Im dritten Teil geht es um die Handels- und Wikingfahrten gen Osten und Westen. Unterkapitel behandeln dabei die Navigation, den Schiffbau und die Ereignisse bei diesen Zügen. Abschließend kann man sich im vierten Teil im Rahmen eines kleinen Quizes testen, ob man sein Wissen über die Wikinger mit Hilfe der Informationen auf der Scheibe ausreichend vervollkommnet hat, um sich künftig als Wikingerexperte bezeichnen lassen zu können. Die zwölf Fragen werden jeweils per Zufall ausgewählt und sind zwei Schwierigkeitsstufen zugeordnet. Es fällt nicht leicht, alle zwölf Fragen richtig zu beantworten, aber auch mit neun richtigen Antworten gilt man noch als guter Kenner der Wikingerwelt. Allerdings ist nach mehreren Durchgängen der Spaß an diesem Quiz vorbei, da bei jedem Durchgang die Anzahl der bereits bekannten Fragen sich erhöht. Trotzdem bringt diese kleine Prüfung Spaß.

Spaß ist überhaupt das Kennwort dieser CD - es ist ein großes Vergnügen, die Bilder anzuschauen, die in verblüffender Qualität wiedergegben werden, sowie sich die Musik und die Geräusche anzuhören, die bei einer guten Soundkarte und ebenso guten Lautsprechern einem so manches Mal einen Schauer über den Rücken schicken.
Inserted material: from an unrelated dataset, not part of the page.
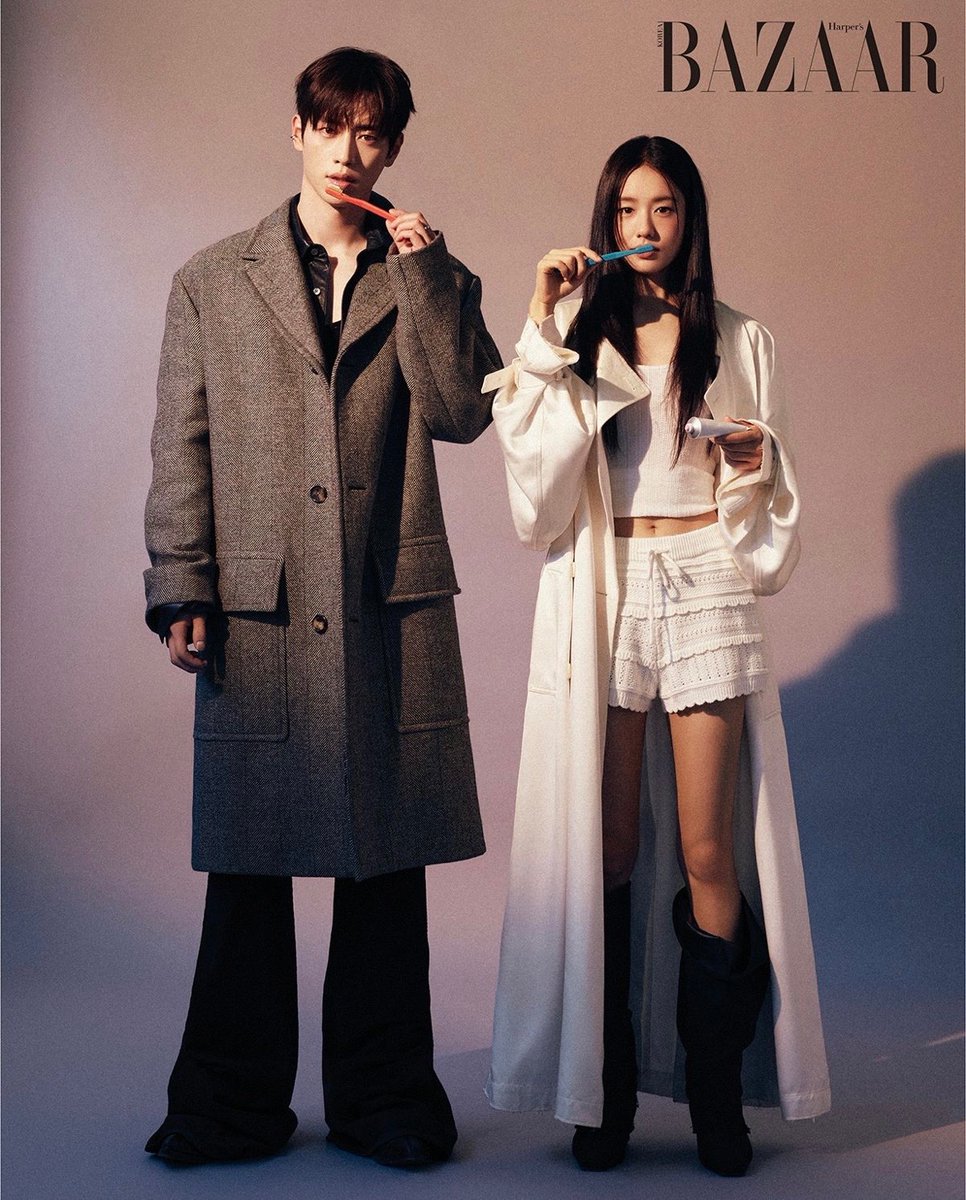 kdramasdiary's tweet photo. #AhnEunjin and #SeoKangjun for Harper’s Bazaar Korea 🤍 https://t.co/xfmQI2qENZ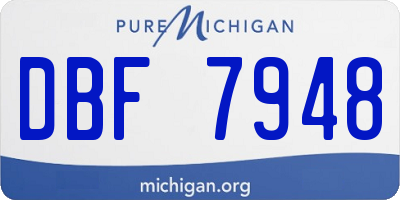 MI license plate DBF7948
Und inhaltlich läßt sich auch nichts an den aufgezeigten Themen aussetzen, dafür bürgen schon die Qualifikationen der herangezogenen Experten von Statens Historiska Museum, Runverket sowie der Göteborger Universität (Lars Holmblad, Helmer Gustavsson sowie Lars Lönnroth).

Trotzdem kann ich die CD nicht uneingeschränkt loben, denn nur ansatzweise werden die Möglichkeiten des Mediums genutzt. Weder gibt es tatsächlich animierte Sequenzen, Filme, Bildfolgen, noch echte "Hyperlinks" dort, wo man sie gern hätte. So erscheinen zwar einige Male Bilder auf dem Schirm, die auch in anderen Sequenzen vorkommen, dort sogar ausführlich thematisiert werden - nur leider ist es nicht möglich, durch einen Klick auf dieses Bild sofort in dieses Thema zu wechseln. Klickt man auf dem Bildschirm, während ein Thema abgearbeitet wird, so erscheint jedes Mal die Frage, ob man diese Sequenz abbrechen möchte oder fortsetzen will - in eine einmal gestartete "Vorstellung" kann man also nicht eingreifen. Hier wurde eine Chance vertan, sicherlich im Sinne der Ablaufsicherheit, aber nicht im Sinne eines wirklich neugierigen, forschenden Wandelns durch das Angebot der CD. Trotzdem: einen sinnvollen Zeitvertreib bietet diese CD allemal - und neben dem Spaß mit Bild und Ton wird schließlich noch historisches Wissen vermittelt.